▸ What is being asked: Read the data below. Every line holding the string "blue" must be copied.

Brief descriptive captions
-- Opening Marker --
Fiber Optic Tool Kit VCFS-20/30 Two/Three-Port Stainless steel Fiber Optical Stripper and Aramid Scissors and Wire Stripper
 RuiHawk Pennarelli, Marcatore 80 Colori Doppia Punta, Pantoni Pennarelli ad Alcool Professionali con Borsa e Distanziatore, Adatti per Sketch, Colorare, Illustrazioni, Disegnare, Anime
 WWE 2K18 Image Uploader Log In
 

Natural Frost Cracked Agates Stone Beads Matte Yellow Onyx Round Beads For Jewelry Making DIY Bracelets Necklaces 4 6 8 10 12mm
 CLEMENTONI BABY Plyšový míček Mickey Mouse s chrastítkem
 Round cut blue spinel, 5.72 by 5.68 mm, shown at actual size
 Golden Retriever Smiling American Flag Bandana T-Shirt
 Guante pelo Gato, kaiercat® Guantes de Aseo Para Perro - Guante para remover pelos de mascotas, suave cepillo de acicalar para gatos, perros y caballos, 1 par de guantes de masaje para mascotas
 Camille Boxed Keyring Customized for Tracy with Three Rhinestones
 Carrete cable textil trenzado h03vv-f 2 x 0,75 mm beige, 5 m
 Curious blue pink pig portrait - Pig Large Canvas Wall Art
-- Closing Marker --
▸ Written response:
 Round cut blue spinel, 5.72 by 5.68 mm, shown at actual size
 Curious blue pink pig portrait - Pig Large Canvas Wall Art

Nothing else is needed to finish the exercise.